2) mancanza e manifesta illogicità della motivazione ex art.606 comma 1 lett.e) c.p.p. relativamente alla insussistenza di condotte imprudenti in capo ai lavoratori. Sosteneva sul punto la difesa che l’infortunio si sarebbe verificato soltanto per l’intervento del lavoratore A. e per il comportamento negligente del B., che posizionò la propria mano dentro la macchina. Non vi sarebbe quindi nesso causale tra la condotta dell’imputato e l’infortuno occorso, che sarebbe stato determinato dalle condotte imprudenti dei due lavoratori, che sono state poste in essere al di fuori di qualsiasi forma di controllo possibile da parte del datore di lavoro.
Diritto
I proposti motivi di ricorso non sono fondati.

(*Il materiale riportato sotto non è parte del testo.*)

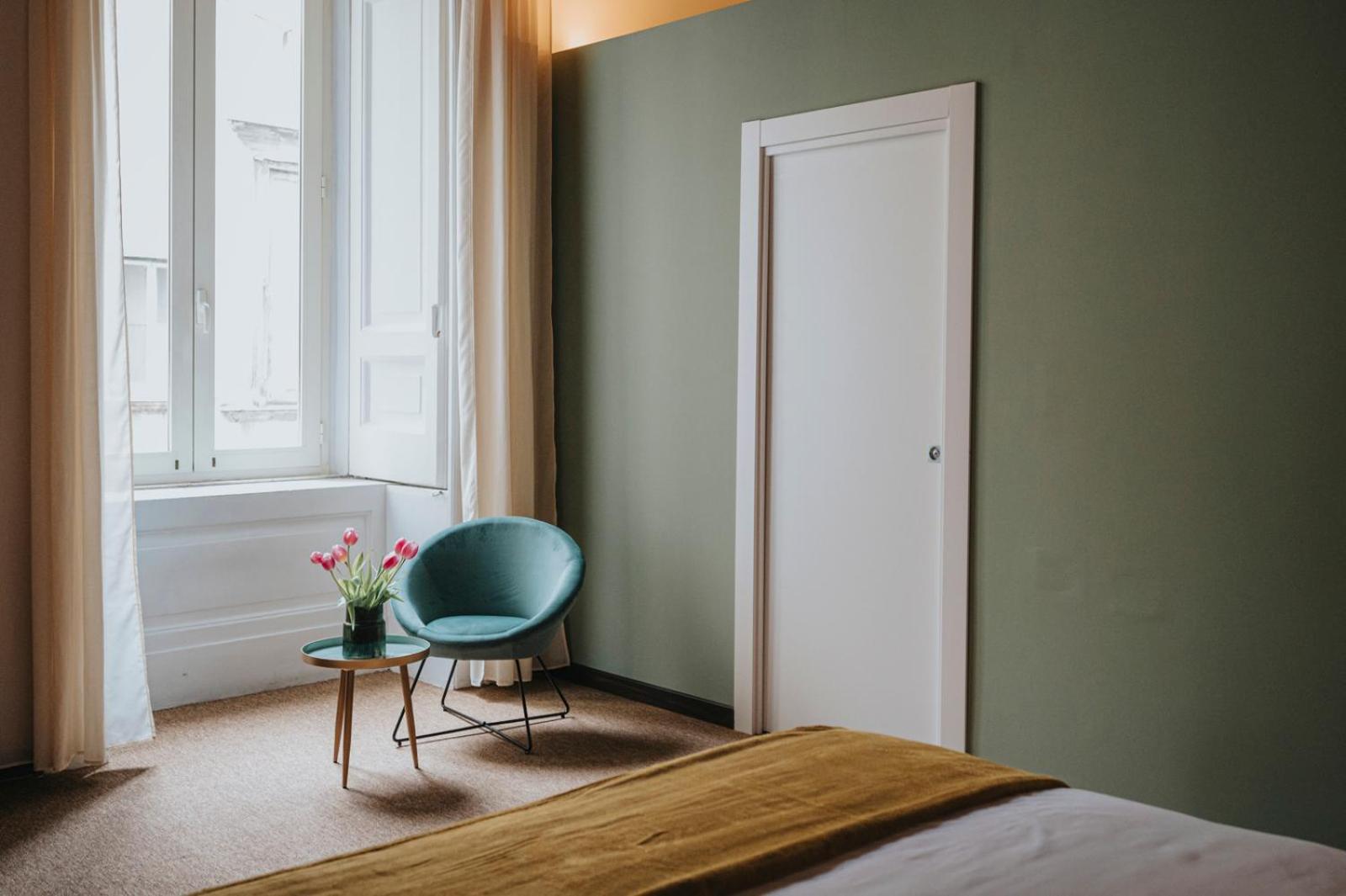Palazzo Pandola - Luxury Suites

Per quanto attiene all’asserito difetto di motivazione, si osserva (cfr. Cass., Sez.4, Sent. n.4842 del 2.12.2003, Rv. 229369) che, nel momento del controllo della motivazione, la Corte di Cassazione non deve stabilire se la decisione di merito proponga la migliore ricostruzione dei fatti, né deve condividerne la giustificazione, ma deve limitarsi a verificare se questa giustificazione sia compatibile con il senso comune e con i limiti di una plausibile opinabilità di apprezzamento; ciò in quanto l’ art .606, comma 1, lett. e) c. p. p. non consente a questa Corte una diversa lettura dei dati processuali o una diversa interpretazione delle prove, perché è estraneo al giudizio di legittimità il controllo sulla correttezza della motivazione in rapporto ai dati processuali.

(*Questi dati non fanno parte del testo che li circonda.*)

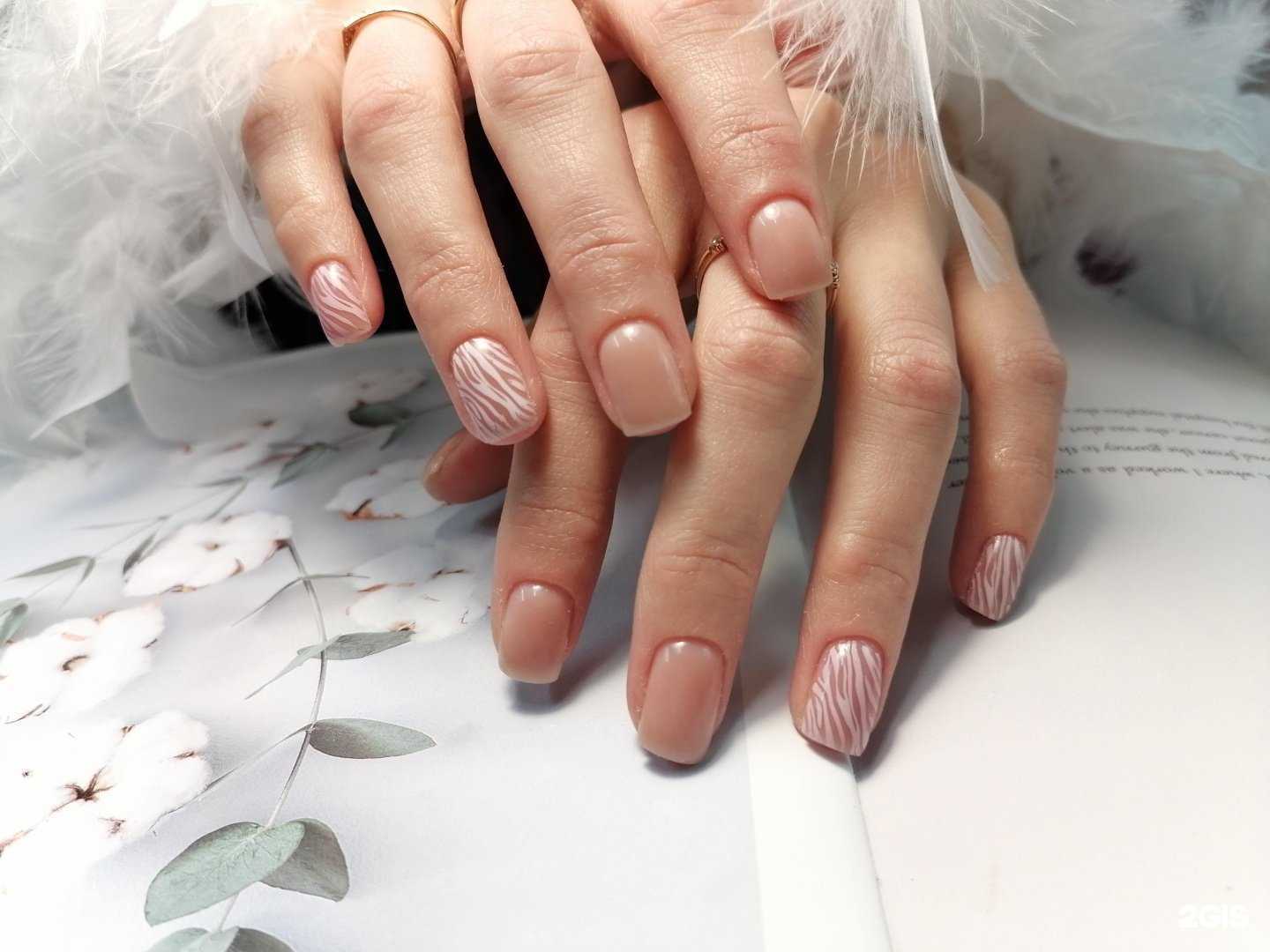 Отзывы на компанию Кабинет маникюра в Улан-Удэ c фото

Tanto premesso la motivazione della sentenza impugnata appare logica e congrua e supera quindi il vaglio di questa Corte nei limiti sopra indicati. I giudici della Corte di appello di Brescia hanno infatti chiaramente evidenziato gli elementi da cui hanno dedotto la sussistenza della responsabilità del T. in ordine al reato ascrittogli. In particolare hanno evidenziato la sussistenza del nesso causale tra la omessa somministrazione al lavoratore di un’adeguata formazione, in una lingua che egli avrebbe potuto comprendere, ( essendo egli di nazionalità indiana) e non già in lingua italiana, circa le modalità con cui procedere all’operazione che stava eseguendo e l’infortunio. Se egli avesse avuto una formazione adeguata, non avrebbe agito con quelle modalità e, in particolare, non avrebbe appoggiato la mano in prossimità del foro nel quale doveva entrare il pistone, mentre il suo compagno di lavoro A. avrebbe evitato di azionare la macchina in quel momento.

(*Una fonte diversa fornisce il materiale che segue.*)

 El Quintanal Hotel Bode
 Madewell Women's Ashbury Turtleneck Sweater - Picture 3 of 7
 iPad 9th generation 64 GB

I giudici della Corte territoriale hanno poi indicato con congrua e adeguata motivazione le ragioni per cui le condotte dei due lavoratori, per quanto imprudenti, non potevano essere ritenute eccezionali e assolutamente imprevedibili, con la conseguenza che non poteva parlarsi di comportamenti abnormi. Le condotte in questione infatti rientravano perfettamente nelle mansioni a cui il S., così come pure l’A., erano addetti, rientrando nelle loro mansioni anche l’avviamento del movimento del pistone. La circostanza che la manovra sia stata posta in essere intempestivamente non rendeva certo la condotta eccezionale e assolutamente imprevedibile. I giudici della Corte di appello ritenevano quindi infondato l’assunto della difesa, non potendosi considerare le condotte dei due operai radicalmente e ontologicamente lontane dalle ipotizzabili scelte del lavoratore nell’esecuzione del lavoro.
Il proposto ricorso deve essere, pertanto, rigettato e il ricorrente condannato al pagamento delle spese processuali.
P.Q.M.
Rigetta il ricorso e condanna il ricorrente al pagamento delle spese processuali.